In the previous post we covered Stochastic VI: an efficient and scalable variational inference method for exponential family models. However, there’re many more distributions than those belonging to the exponential family. Inference in these cases requires significant amount of model analysis. In this post we consider Black Box Variational Inference by Ranganath et al. This work just as the previous one comes from David Blei lab — one of the leading researchers in VI. And, just for the dessert, we’ll touch upon another paper, which will finally introduce some neural networks in VI.

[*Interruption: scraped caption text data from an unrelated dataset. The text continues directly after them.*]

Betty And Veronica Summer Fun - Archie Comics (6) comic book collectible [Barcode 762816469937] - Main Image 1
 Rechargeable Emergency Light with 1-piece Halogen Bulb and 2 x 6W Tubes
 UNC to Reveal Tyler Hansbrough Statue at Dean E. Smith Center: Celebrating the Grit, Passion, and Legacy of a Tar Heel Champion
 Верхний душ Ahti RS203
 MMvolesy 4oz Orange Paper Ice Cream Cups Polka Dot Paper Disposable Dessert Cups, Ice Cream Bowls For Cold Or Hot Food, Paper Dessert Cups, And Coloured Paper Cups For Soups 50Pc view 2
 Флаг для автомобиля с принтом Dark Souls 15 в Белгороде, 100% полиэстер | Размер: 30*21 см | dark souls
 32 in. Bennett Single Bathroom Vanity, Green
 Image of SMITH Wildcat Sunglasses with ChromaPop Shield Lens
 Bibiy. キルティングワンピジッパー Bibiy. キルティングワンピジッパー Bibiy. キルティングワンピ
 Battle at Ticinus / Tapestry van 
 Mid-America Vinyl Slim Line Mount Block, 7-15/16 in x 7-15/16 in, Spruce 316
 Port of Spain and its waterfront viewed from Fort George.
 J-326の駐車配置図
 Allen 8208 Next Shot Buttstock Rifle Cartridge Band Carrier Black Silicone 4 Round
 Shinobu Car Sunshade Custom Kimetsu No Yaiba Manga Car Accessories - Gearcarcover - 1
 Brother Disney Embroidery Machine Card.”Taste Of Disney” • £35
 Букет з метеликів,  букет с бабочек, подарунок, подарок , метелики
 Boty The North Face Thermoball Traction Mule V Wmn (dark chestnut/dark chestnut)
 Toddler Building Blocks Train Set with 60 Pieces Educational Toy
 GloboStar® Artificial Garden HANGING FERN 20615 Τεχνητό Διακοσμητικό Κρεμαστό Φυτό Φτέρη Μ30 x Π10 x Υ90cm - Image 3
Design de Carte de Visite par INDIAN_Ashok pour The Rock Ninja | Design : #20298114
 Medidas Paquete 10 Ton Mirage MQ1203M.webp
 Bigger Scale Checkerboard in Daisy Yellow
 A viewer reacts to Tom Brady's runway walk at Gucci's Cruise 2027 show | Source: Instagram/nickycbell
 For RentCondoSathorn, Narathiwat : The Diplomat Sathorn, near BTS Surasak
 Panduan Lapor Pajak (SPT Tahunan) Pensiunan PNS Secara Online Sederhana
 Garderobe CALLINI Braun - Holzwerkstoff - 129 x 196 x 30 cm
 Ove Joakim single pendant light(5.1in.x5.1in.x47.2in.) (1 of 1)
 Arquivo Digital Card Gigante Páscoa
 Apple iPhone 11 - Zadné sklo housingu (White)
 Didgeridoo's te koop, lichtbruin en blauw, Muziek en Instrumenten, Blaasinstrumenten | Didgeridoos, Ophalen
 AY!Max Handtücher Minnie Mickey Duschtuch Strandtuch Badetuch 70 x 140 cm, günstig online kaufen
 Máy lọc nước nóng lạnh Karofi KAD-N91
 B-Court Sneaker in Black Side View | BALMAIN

Blackbox Variational Inference
As we have learned so far, the goal of VI is to maximize the ELBO \(\mathcal{L}(\Theta, \Lambda)\). When we maximize it by \(\Lambda\), we decrease the gap between the marginal likelihood of the model considered \(\log p(x \mid \Theta)\), and when we maximize it by \(\Theta\) we acltually fit the model. So let’s concentrate on optimizing this objective:
\[ \mathcal{L}(\Theta, \Lambda) = \mathbb{E}_{q(z \mid x, \Lambda)} \left[\log p(x, z \mid \Theta) - \log q(z \mid x, \Lambda) \right] \]
Let’s find gradients of this objective:
\[ \begin{align} \nabla_{\Lambda} \mathcal{L}(\Theta, \Lambda) &= \nabla_{\Lambda} \int q(z \mid x, \Lambda) \left[\log p(x, z \mid \Theta) - \log q(z \mid x, \Lambda) \right] dz \\ &= \int \nabla_{\Lambda} q(z \mid x, \Lambda) \left[\log p(x, z \mid \Theta) - \log q(z \mid x, \Lambda) \right] dz - \int q(z \mid x, \Lambda) \nabla_{\Lambda} \log q(z \mid x, \Lambda) dz \\ &= \mathbb{E}_{q} \left[\frac{\nabla_{\Lambda} q(z \mid x, \Lambda)}{q(z \mid x, \Lambda)} \log \frac{p(x, z \mid \Theta)}{q(z \mid x, \Lambda)} \right] - \int q(z \mid x, \Lambda) \frac{\nabla_{\Lambda} q(z \mid x, \Lambda)}{q(z \mid x, \Lambda)} dz \\ &= \mathbb{E}_{q} \left[\nabla_{\Lambda} \log q(z \mid x, \Lambda) \log \frac{p(x, z \mid \Theta)}{q(z \mid x, \Lambda)} \right] - \int \nabla_{\Lambda} q(z \mid x, \Lambda) dz \\ &= \mathbb{E}_{q} \left[\nabla_{\Lambda} \log q(z \mid x, \Lambda) \log \frac{p(x, z \mid \Theta)}{q(z \mid x, \Lambda)} \right] - \nabla_{\Lambda} \overbrace{\int q(z \mid x, \Lambda) dz}^{=1} \\ &= \mathbb{E}_{q} \left[\nabla_{\Lambda} \log q(z \mid x, \Lambda) \log \frac{p(x, z \mid \Theta)}{q(z \mid x, \Lambda)} \right] \end{align} \]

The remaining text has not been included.